Hoewel de rechtbank begrip heeft voor betrokkenes behoefte aan perspectief en vanuit die behoefte ingegeven wens om de duur van de verlenging te beperken tot een jaar, gaat de rechtbank hieraan voorbij. Het uitgangspunt van de rechtbank is dat, wanneer aannemelijk is geworden dat de behandeling meer tijd in beslag zal nemen dan een jaar, de terbeschikkingstelling - behoudens bijzondere omstandigheden - verlengd dient te worden met een termijn van twee jaar. De rechtbank stelt op basis van het verlengingsadvies, de rapportages en de door de deskundige ter zitting gegeven toelichting vast dat niet te verwachten is dat binnen een jaar gronden aanwezig kunnen zijn die een (voorwaardelijke) beëindiging van de terbeschikkingstelling rechtvaardigen. In de rapportages wordt het belang onderstreept om het traject van betrokkene zo geleidelijk mogelijk vorm te geven om de kans op terugval te beperken. Een verlenging van de terbeschikkingstelling met een termijn van een jaar past daar niet goed bij en zou bij betrokkene de verwachting kunnen wekken dat hij al binnen een jaar toe is aan (voorwaardelijke) beëindiging. De rechtbank ziet ook geen aanleiding een vinger aan de pols te houden. Tot slot is er ook overigens geen sprake van een bijzondere omstandigheid die een verlenging met een jaar vereist.

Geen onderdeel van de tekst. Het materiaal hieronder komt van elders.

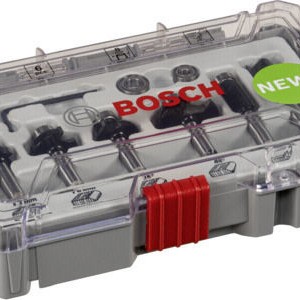 Bosch Σετ Φρέζες Καρβιδίου για Διαμόρφωση Αυλακώσεων σε Ξύλο 8mm 6τμχ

De rechtbank zal daarom de maatregel met twee jaren verlengen.

8.De beslissing

De rechtbank verlengt de termijn van de terbeschikkingstelling met verpleging van overheidswege van
[betrokkene]met twee jaren.
Deze beslissing is genomen door mr. G. Schnitzler, voorzitter, en mrs. L.M.M. Heppe en J.C. Hooker, rechters, in tegenwoordigheid van mrs. R.I. van Balkom en M.M.E. van Dijk, griffiers, en in het openbaar uitgesproken op 25 september 2023.